Le déclenchement ? Pourquoi, Comment ?

En France il y a environ 26 % des accouchements qui sont déclenchés. Ce chiffre est en augmentation depuis plusieurs années.

La première fois que j’ai entendu parler de déclenchement de la naissance, c’est lors d’un de mes stages à l’école d’infirmière, il y a 24 ans. A ce moment-là, nous avions un stage en pédiatrie obligatoire et j’ai eu la chance de le faire à la clinique du Parc, qui maintenant a déménagé au Pôle Santé Léonard de Vinci à Chambray-lès-Tours. C’était en décembre et ça a toute son importance avec le déclenchement ! Parce que la chance que j’avais, c’est que le service de néonat était au niveau des salles d’accouchements et c’est les puéricultrices de néonat qui faisaient les soins aux bébés à la naissance.
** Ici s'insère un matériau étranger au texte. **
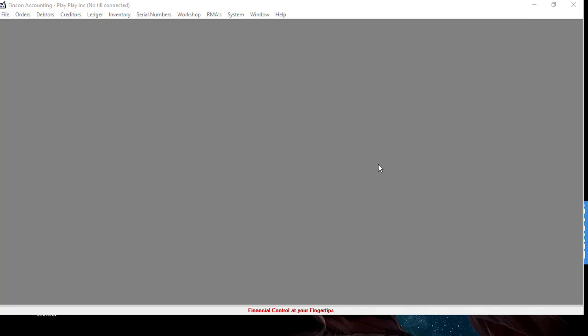Hi and welcome to this instructional video. In this video I'm going to show you how to cancel a delivery note.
Donc pendant 4 semaines j’ai vu des naissances et des nouveau-nés tous les jours ! Rien d’étonnant donc à ce que j’en sois là maintenant !

 

Un bébé pour Noël

 

Le dernier jour de mon stage était le vendredi juste avant les vacances de Noël, et là plusieurs accouchements en même temps, y compris dans les salles d’examens car il n’y avait pas assez de salle de naissance. Beaucoup d’accouchements avaient été déclenchés pour « convenance », ben oui, pour avoir bébé avant le 25 et être là pour voir les aînés ouvrir leurs cadeaux ! Et en même temps, le gynéco qui suit la dame en question est sûr d’avoir son K opératoire (le codage CPAM pour avoir les sous) pour la naissance et pouvait donc partir en vacances tranquille. Peut-être que je vous parais cynique à dire ça, mais c’est bien ce que j’ai entendu ce jour-là.

 

L’étude French Arrive

 

Aujourd’hui, le déclenchement est de plus en plus proposé. Surtout depuis la nouvelle étude « Arrive », commencée aux Etats-Unis il y a 10 ans. Ils en sont revenus de cette étude mais nous les Français, on est toujours les plus forts, donc plutôt que de s’instruire des erreurs des autres, on préfère vérifier que c’est bien une erreur. Et puis c’est bien utile avec toutes les fermetures de lits en maternité.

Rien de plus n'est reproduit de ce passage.